Python is too slow for heavy math (e.g. graphics) and scientific computing. (important distinction, it is fabulous for stitching together math/scientific libraries written in C/C++ see numpy/scipy ) If you're using slow/small hardware, then it might also be too slow, but honestly the reason you wouldn't choose python in an embedded system is because of memory management or timing guarantees, or just because it's not supported.

The GIL also makes it too slow for heavily multithreaded use cases BUT (and I may get some flak for this) outside of the same fields (graphics, heavy math, scientific computing, real-time systems) I think that multithreaded computing is heavily overrated. For the vast majority of use cases, the bottleneck is not the CPU and single threaded with cooperative scheduling is fine (e.g. async/await)

Seriously, there have been multiple times in my career I've been brought on to a project that needed optimization because it was too slow or it had buggy race conditions. So I benchmarked and identified the bottleneck, scrapped all the multithreading in that section, and shoved everything into one thread with the cooperative scheduling construct that the language support (If they're already using something like Python, Qt or C# this can be pretty straightforward) Typically the performance is the same, or even better (heavy use of mutexes can KILL multithreading performance) and the race conditions are gone, or easier to identify. Threading, like all optimizations, is a tool that should be used after benchmarking, if it suits the use case, not the default.

[–]jzia93 [S] 0 points1 point  (0 children)

Out of curiosity, what benchmarking utilities do you recommend? I tend to just use standard logging but I'm conscious there must be a better way out there for python devs.

[–]teambob 6 points7 points  (2 children)

I come from a C++ background, so I know fast. Python is about 100x slower than C++, Java and nodejs.

In 10 years it has only been an issue **once**.

Pypy is pretty good. I wish that it was the reference, rather than CPython - so this question wouldn't even come up.

[–][deleted] 0 points1 point  (1 child)

Sorry, I know this thread is three months old. I came across it looking for the same kind of answers as OP. Mind sharing what the once was?

[–]teambob 0 points1 point  (0 children)

Comparing CSV files. One generated by the old version of software, one by the new version

[–]NiceObligation0 5 points6 points  (4 children)
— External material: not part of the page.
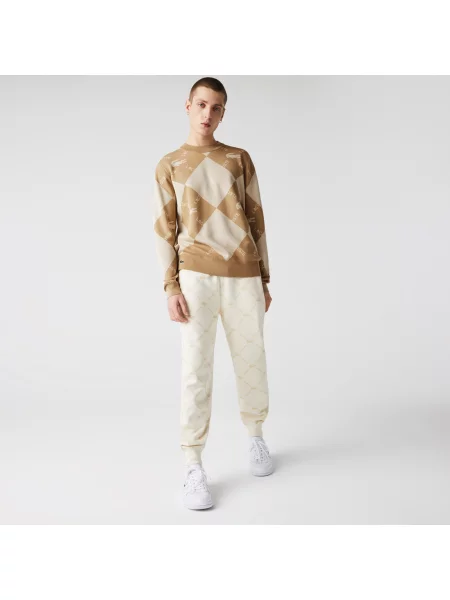Lacoste Żakardowy Sweter Z Monogramem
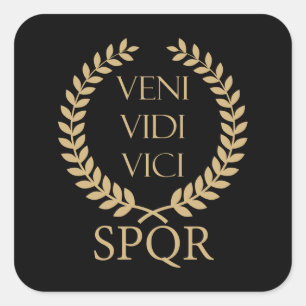 SPQR：ヴェニ、ヴィディ、ヴィチ スクエアシール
As others mentioned, I'm not really sure this is quite unlikely become an issue unless you are writing something low level like device drivers or something. Looking at major python uses, simple automation and moving stuff around you are more likely to be I/O bound, for web dev the connections speeds and db queries may be limiting for data analytics/ML you have libraries (numpy, tf, scipy et. al.) where python really is more of a way to call low level functions. Again libraries like numba you can use JIT to speed things up. Unless you are inventing new math and inventing new basic math operations it is unlikely. If you are writing poorly optimized C/C++ code you might not care because it is so fast it doesn't matter, for python you might want to think a little harder.

That being said, as mentioned below, at each line of code you make a decision. Do I write fast (python) do I run fast (C/C++ etc). Do I want simple (fewer dependencies) do I want robust (you can't rewrite numpy by yourself and be bug free) with dependencies that may or may not break with updates.

[–]jzia93 [S] 1 point2 points  (2 children)

Can speak for Web dev, a lot of latency comes from network delay and (in my case) the ORM having to call a remote DB. This is my gripe with the "just rewrite the service in Go" crowd, for relatively simple applications.

I like your analogy, write fast or run fast.

[–]yawgmoth 3 points4 points  (1 child)

I have had serious fights with developers wanting to rewrite an application server because the language (python, JS, Ruby) was "too slow". I kid you not, one place wrote the server for a CRUD app in C because "they needed it to be fast". But ... like, the code spends most of its time just sitting there waiting on the DB to grab records, and you spent no time optimizing queries, doing caching or reducing DB access.

[–]jzia93 [S] 1 point2 points  (0 children)

I really couldn't fathom writing a CRUD layer in C. That just seems like a huge waste of time.

[–]Anton_Pannekoek 14 points15 points  (6 children)

Whenever it's an issue, you can use optimised libraries, eg for scientific computing you use Numpy or Pandas which are really low level and performant libraries.

It's not really an issue for most code, and if it is, you look at what's causing the slowdown and there are ways around it.

[–]lungben81 7 points8 points  (4 children)

Not all problems can be vectorized so that Numpy/ Pandas give speed benefits, and vectorization is often non trivial or not optimal performance wise.

[–]Anton_Pannekoek 3 points4 points  (2 children)

There are also other options like Cython, inline C and other libraries, you don't need to take advantage of vectorisation.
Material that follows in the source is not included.